Je tiens cependant à rappeler que, si nous avons effectivement entendu les avis de personnes éminentes, c’est notre avis, à nous sénateurs chargés de faire la loi, qui importe désormais. Or il me semble que la décision du Conseil constitutionnel nous invite à être le plus précis possible. C’est pourquoi, même si j’entends vraiment les arguments de notre rapporteur – nous en avons suffisamment parlé, chers collègues –, j’estime que le terme « environnement » présente l’inconvénient suivant : en dépit des considérations qui le précèdent dans le projet de loi, il sera tout de même difficile pour un magistrat de pénaliser quelqu’un au motif qu’il a créé un environnement. Cette notion a quelque chose d’évanescent.
À l’inverse, le terme « situation » renvoie à une réalité objective. Il est difficile pour les magistrats de prendre des décisions quand ils doivent s’appuyer sur des éléments qui ne peuvent être ni vérifiés ni démontrés.
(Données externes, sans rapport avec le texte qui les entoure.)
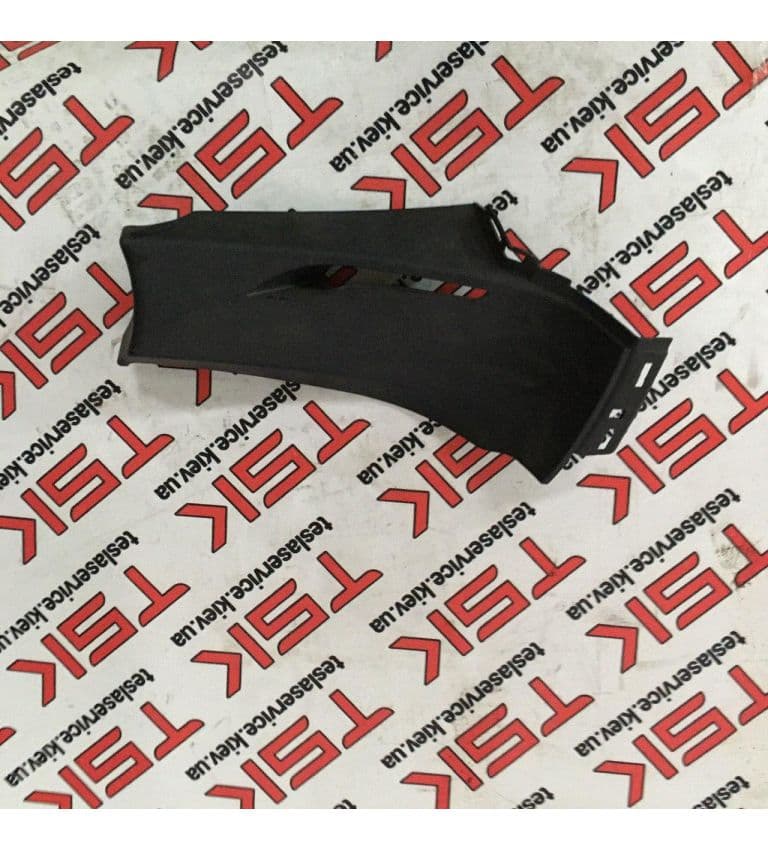 Накладка ремня безопасности стойки-С правой {MS_MSR}, Tesla Model S (OEM 1024732-00-B)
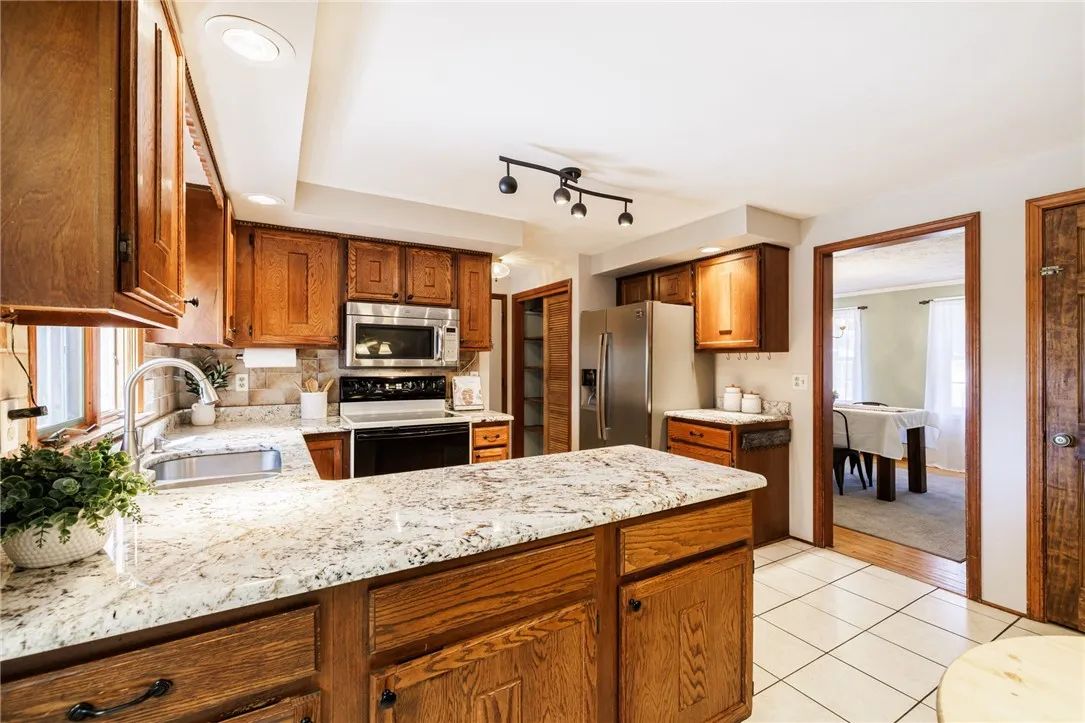 133 Parklands Drive, Greece, New York 14616, Greece, New York 14616, 4 Bedrooms Bedrooms, 12 Rooms Rooms,2 BathroomsBathrooms,Residential,Closed,133 Parklands Drive, Greece, New York 14616,0,R1630516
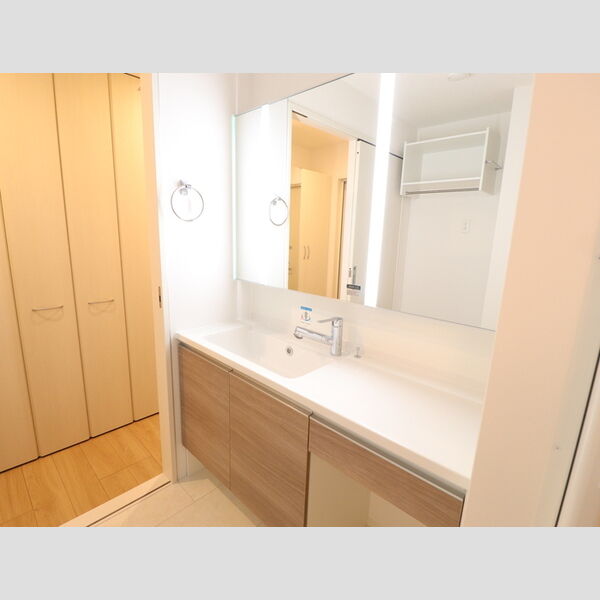 洗面所 (303　洗面所)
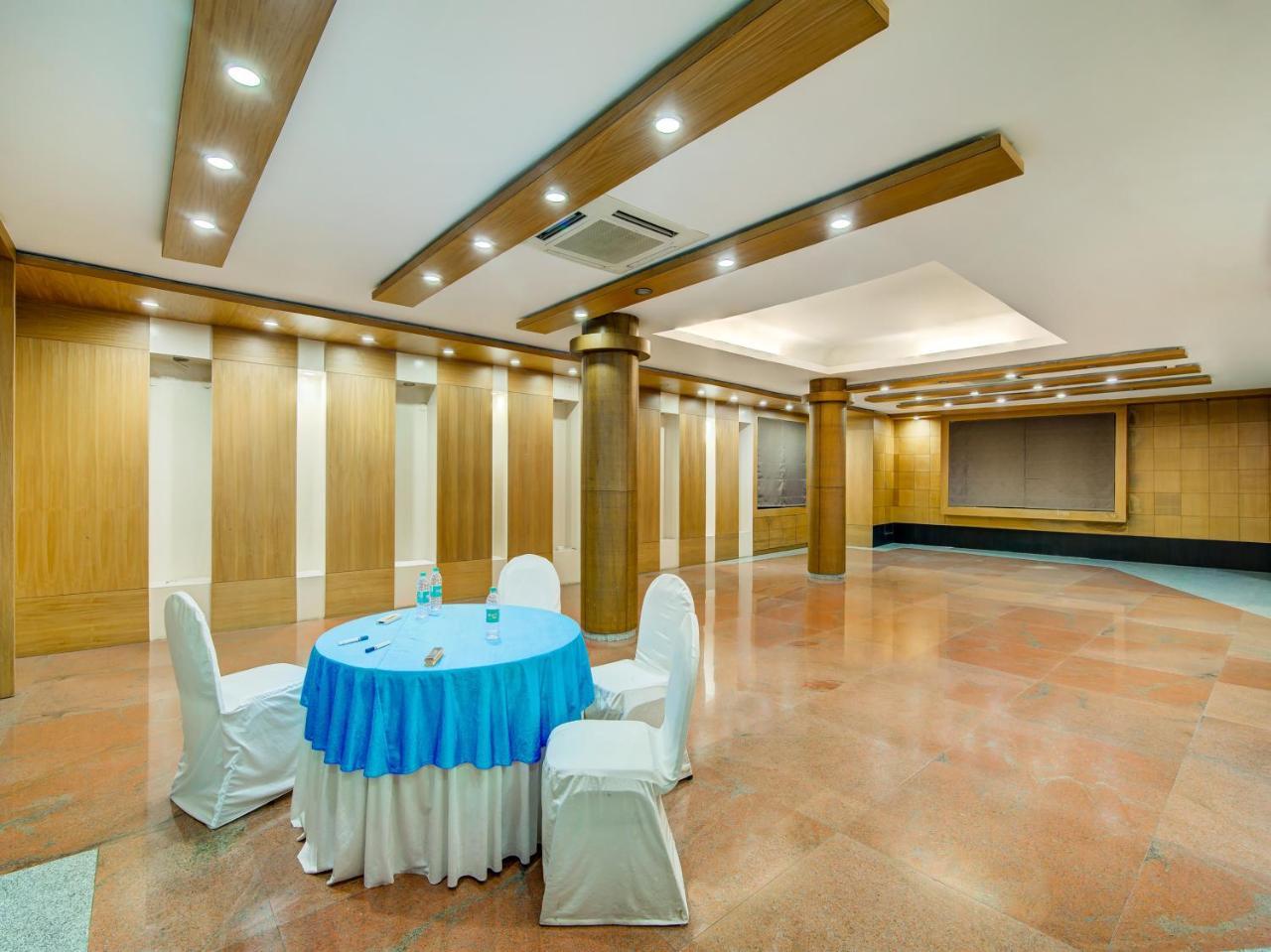 Gardeenia Comfortes Suites-Fully Vaccinated Staff Bangalore Eksteriør billede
C’est la raison pour laquelle, même si je respecte tous les arguments qui ont été avancés, je pense que la position de la commission des lois consistant à soutenir l’amendement de M. Hyest présente de réels avantages.
Mme la présidente. Je suis saisie de neuf amendements faisant l’objet d’une discussion commune.
L’amendement n° 62 rectifié, présenté par MM. C. Bourquin, Mézard, Bertrand, Plancade, Requier et Vall, est ainsi libellé :
I. – Alinéa 3
Supprimer cet alinéa
II. – Alinéa 4
Supprimer les mots :
et au II
Cet amendement n’est pas soutenu.
L’amendement n° 63 rectifié bis, présenté par Mmes Jouanno et Duchêne, MM. Milon, Cardoux et Bourdin, Mmes Lamure et Bruguière, MM. Doligé, Duvernois et B. Fournier, Mmes Troendle, Deroche, Farreyrol et Kammermann, M. Fleming, Mme Sittler, MM. Bécot et Gilles, Mme Mélot, M. Grosdidier, Mme Keller et MM. Savary, P. André et Portelli, est ainsi libellé :
Alinéa 3
Supprimer cet alinéa.
La parole est à Mme Chantal Jouanno.
Mme Chantal Jouanno. Dans la mesure où cet amendement était un amendement de coordination avec l’amendement n° 36 rectifié ter, je le retire. Je tiens toutefois à réaffirmer mon souhait que nous revenions à une définition plus cohérente.
Madame la garde des sceaux, la définition que vous proposez me semble en retrait par rapport à la directive européenne. En effet, celle-ci n’indique pas que la répétition est inhérente au harcèlement, et ce pour une raison simple : si une personne se trouve dans un contexte dégradant, marqué par une répétition d‘actes n’ayant pas de connotation sexuelle mais ne l’en humiliant pas moins, et qu’elle est victime d’un seul acte supplémentaire, à connotation sexuelle celui-là, il s’agit bien de harcèlement sexuel. Or la définition que vous proposez ne permet pas de couvrir ce genre de situation.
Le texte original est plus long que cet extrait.